Performing Malware IOC Extraction
Overview
Malware IOC extraction is the process of analyzing malicious software to identify actionable indicators of compromise including file hashes, network indicators (C2 domains, IP addresses, URLs), registry modifications, mutex names, embedded strings, and behavioral artifacts.

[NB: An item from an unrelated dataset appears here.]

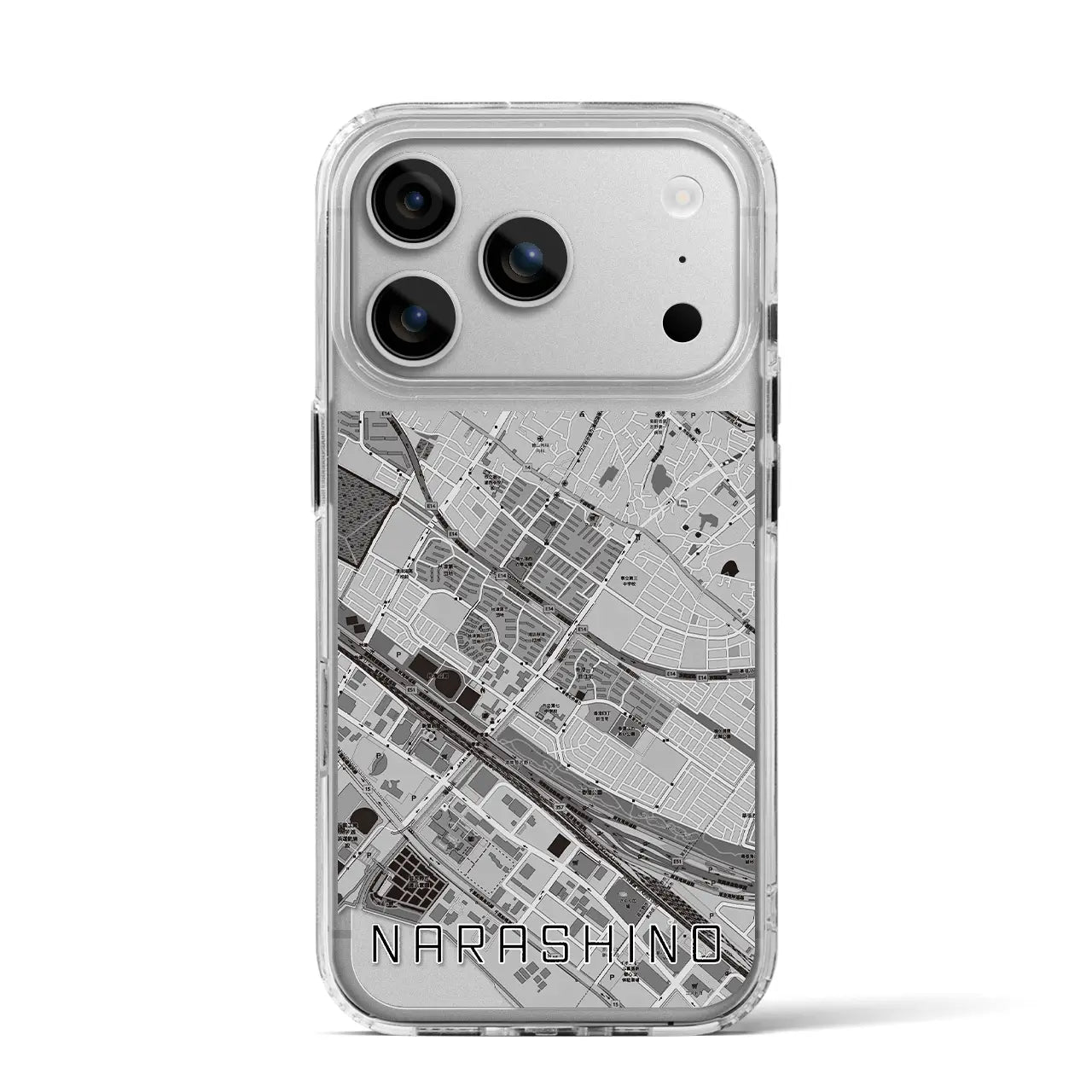 【習志野（千葉県）】地図柄iPhoneケース（MagSafeタイプ）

This skill covers static analysis with PE parsing and string extraction, dynamic analysis with sandbox detonation, automated IOC extraction using tools like YARA, and formatting results as STIX 2.1 indicators for sharing.
When to Use
- When conducting security assessments that involve performing malware ioc extraction
- When following incident response procedures for related security events
- When performing scheduled security testing or auditing activities
- When validating security controls through hands-on testing
Prerequisites
- Python 3.9+ with
pefile,yara-python,oletools,stix2libraries - Access to malware analysis sandbox (Cuckoo, CAPE, Any.Run, Joe Sandbox)
- VirusTotal API key for enrichment
- Isolated analysis environment (VM or container)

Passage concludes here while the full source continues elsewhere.